• [What you need to do] Please transcribe exactly the lines from the line holding "κληρο τον πλανήτη." through the end of the data below, and skip any pictures.

• [Data in this exercise]
==================================================
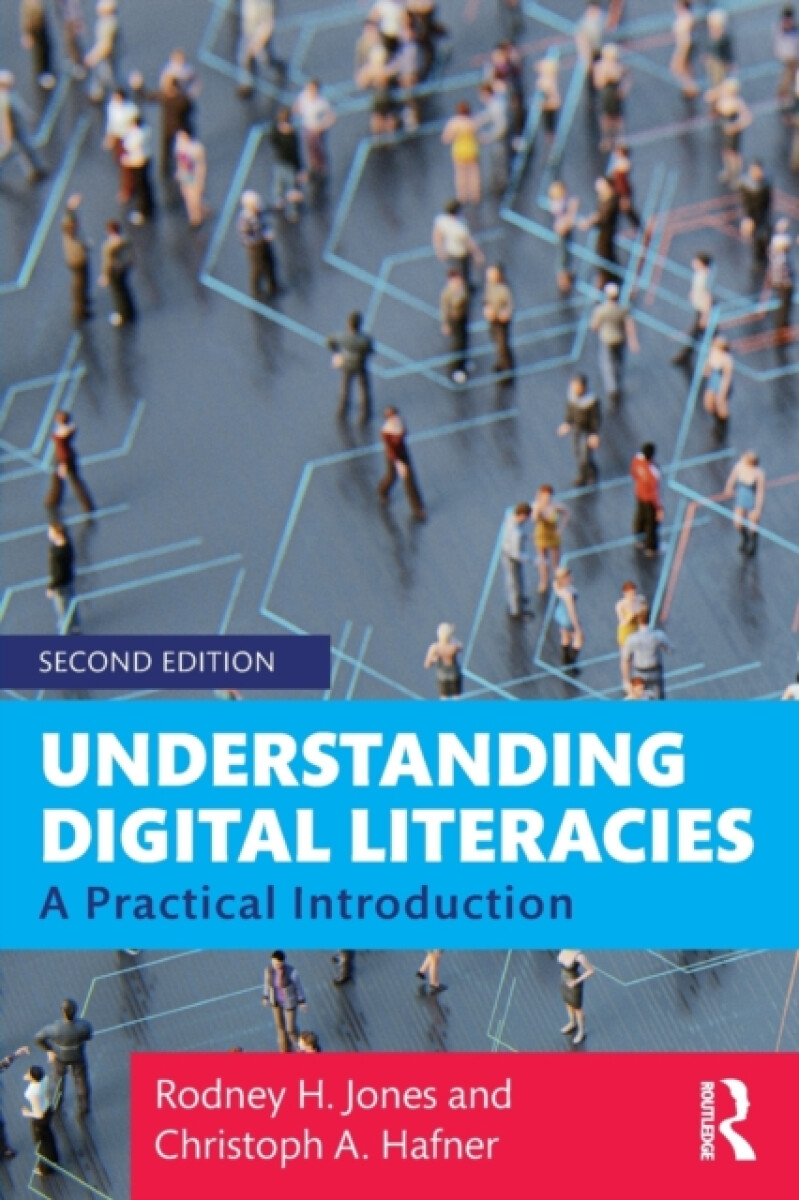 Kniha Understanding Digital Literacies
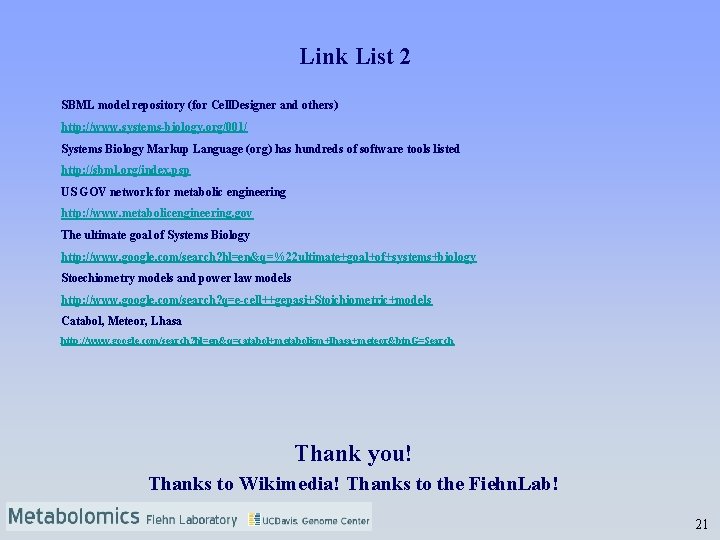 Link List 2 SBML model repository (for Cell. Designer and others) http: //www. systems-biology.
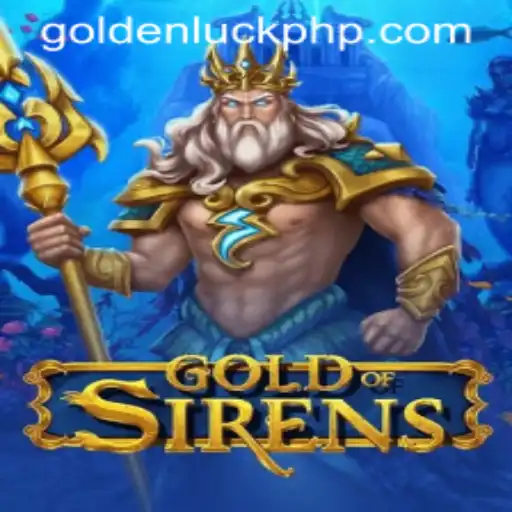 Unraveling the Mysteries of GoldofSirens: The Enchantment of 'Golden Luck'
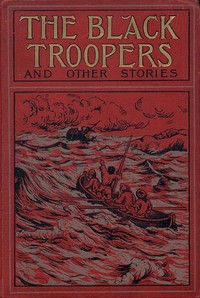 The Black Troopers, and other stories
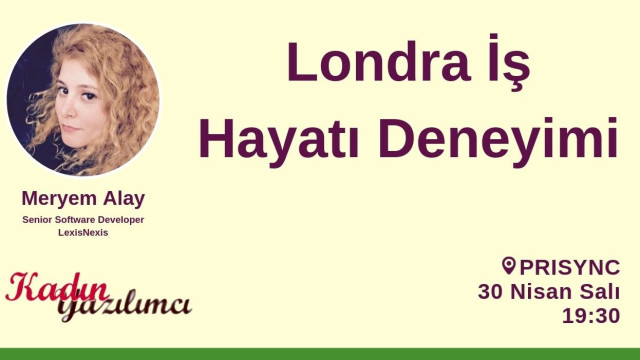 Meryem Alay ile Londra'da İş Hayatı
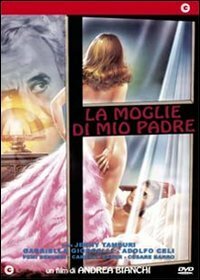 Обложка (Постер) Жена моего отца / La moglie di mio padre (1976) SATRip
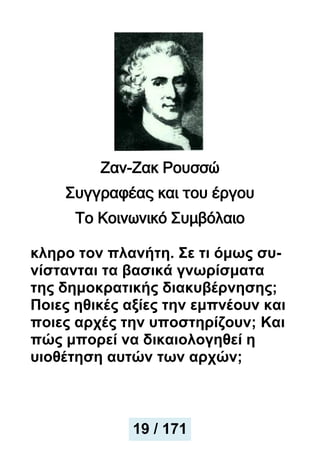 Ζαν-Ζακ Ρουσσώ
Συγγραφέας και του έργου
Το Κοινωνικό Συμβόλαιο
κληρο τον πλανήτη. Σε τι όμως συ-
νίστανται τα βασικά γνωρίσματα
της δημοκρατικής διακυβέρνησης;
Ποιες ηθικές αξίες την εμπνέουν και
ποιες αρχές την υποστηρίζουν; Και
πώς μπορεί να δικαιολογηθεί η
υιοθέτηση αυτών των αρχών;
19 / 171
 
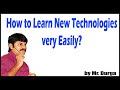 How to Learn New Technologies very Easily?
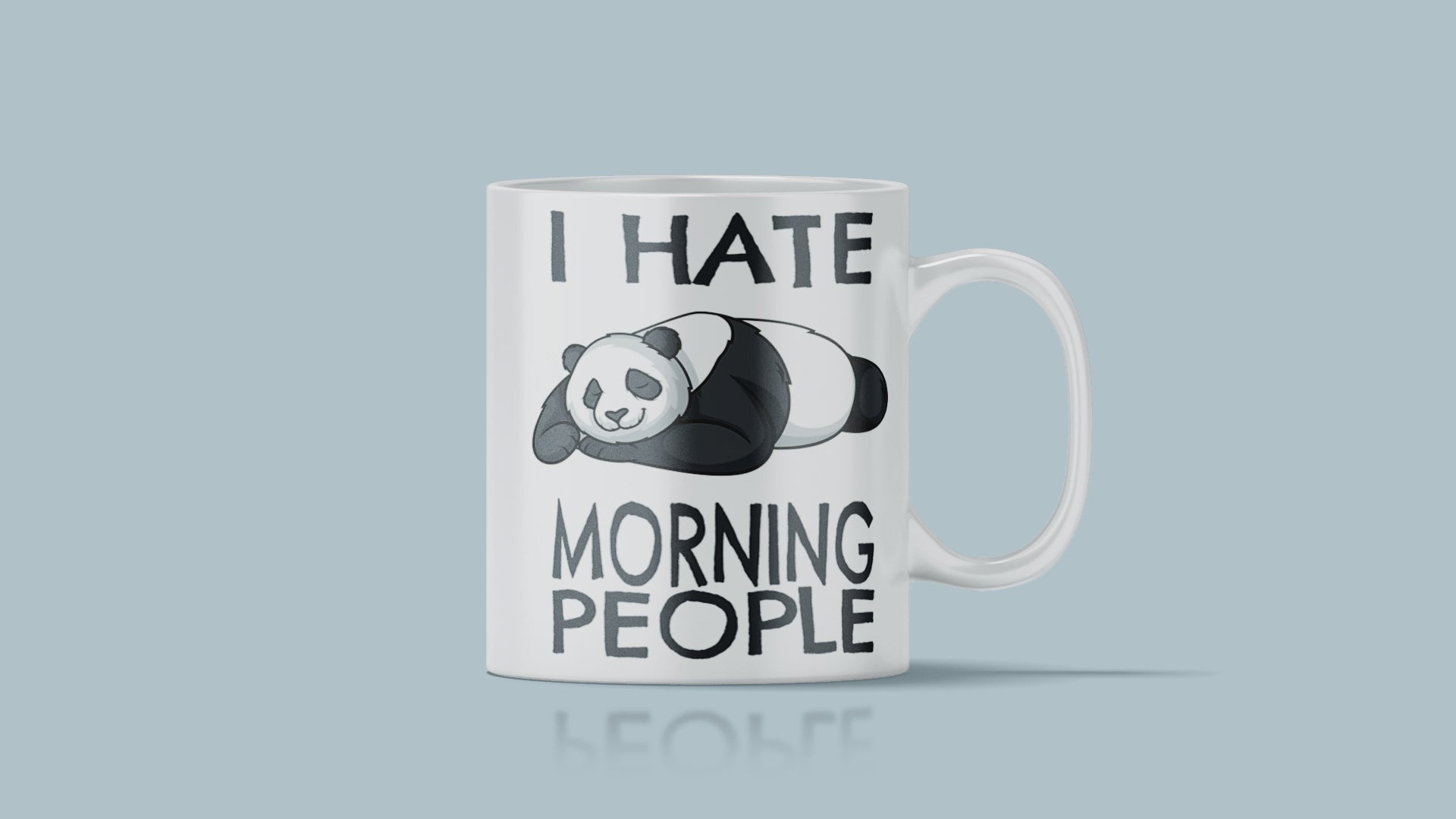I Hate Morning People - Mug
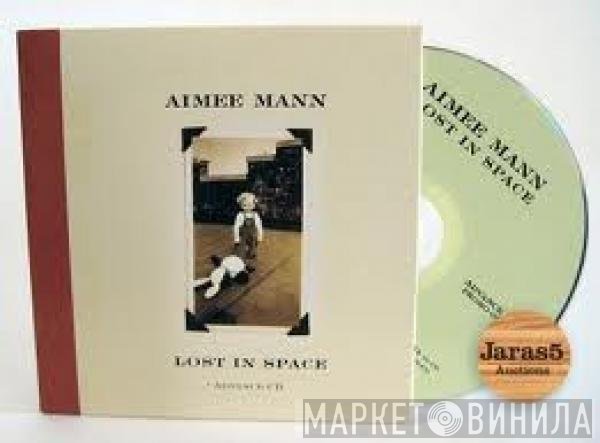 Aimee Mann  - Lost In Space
==================================================
• [Response below]
κληρο τον πλανήτη. Σε τι όμως συ-
νίστανται τα βασικά γνωρίσματα
της δημοκρατικής διακυβέρνησης;
Ποιες ηθικές αξίες την εμπνέουν και
ποιες αρχές την υποστηρίζουν; Και
πώς μπορεί να δικαιολογηθεί η
υιοθέτηση αυτών των αρχών;
19 / 171
 
 How to Learn New Technologies very Easily?
I Hate Morning People - Mug
 Aimee Mann  - Lost In Space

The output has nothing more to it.